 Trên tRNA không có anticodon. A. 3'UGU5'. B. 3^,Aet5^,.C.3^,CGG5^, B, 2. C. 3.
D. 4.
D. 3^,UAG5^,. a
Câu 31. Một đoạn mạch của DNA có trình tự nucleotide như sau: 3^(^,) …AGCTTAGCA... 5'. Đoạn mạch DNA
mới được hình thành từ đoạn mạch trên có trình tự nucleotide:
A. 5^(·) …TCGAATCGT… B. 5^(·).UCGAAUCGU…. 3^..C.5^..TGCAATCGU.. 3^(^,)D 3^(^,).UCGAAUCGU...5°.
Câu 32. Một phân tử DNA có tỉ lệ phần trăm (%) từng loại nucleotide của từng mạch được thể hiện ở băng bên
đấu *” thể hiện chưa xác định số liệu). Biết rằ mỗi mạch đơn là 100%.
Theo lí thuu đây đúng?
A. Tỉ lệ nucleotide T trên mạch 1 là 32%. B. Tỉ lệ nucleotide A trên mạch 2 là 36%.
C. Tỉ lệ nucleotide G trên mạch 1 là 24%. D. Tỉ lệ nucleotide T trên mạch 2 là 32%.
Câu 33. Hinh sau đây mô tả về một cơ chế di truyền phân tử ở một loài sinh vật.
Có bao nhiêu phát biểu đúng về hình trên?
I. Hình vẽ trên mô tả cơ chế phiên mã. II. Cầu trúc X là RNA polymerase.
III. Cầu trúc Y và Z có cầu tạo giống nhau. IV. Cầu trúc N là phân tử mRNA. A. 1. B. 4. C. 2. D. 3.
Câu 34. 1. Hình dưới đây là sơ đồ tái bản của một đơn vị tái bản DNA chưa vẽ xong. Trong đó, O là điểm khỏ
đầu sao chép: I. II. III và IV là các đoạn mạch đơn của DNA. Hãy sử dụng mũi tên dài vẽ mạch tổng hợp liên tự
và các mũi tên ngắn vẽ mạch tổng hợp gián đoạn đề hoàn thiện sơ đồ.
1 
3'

▬▬▬

__Work order__:
Could you retype exactly the lines from the first one of the records through the line containing "mới được hình", both included, and nothing more?

__Response box__:
 Trên tRNA không có anticodon. A. 3'UGU5'. B. 3^,Aet5^,.C.3^,CGG5^, B, 2. C. 3.
D. 4.
D. 3^,UAG5^,. a
Câu 31. Một đoạn mạch của DNA có trình tự nucleotide như sau: 3^(^,) …AGCTTAGCA... 5'. Đoạn mạch DNA
mới được hình thành từ đoạn mạch trên có trình tự nucleotide:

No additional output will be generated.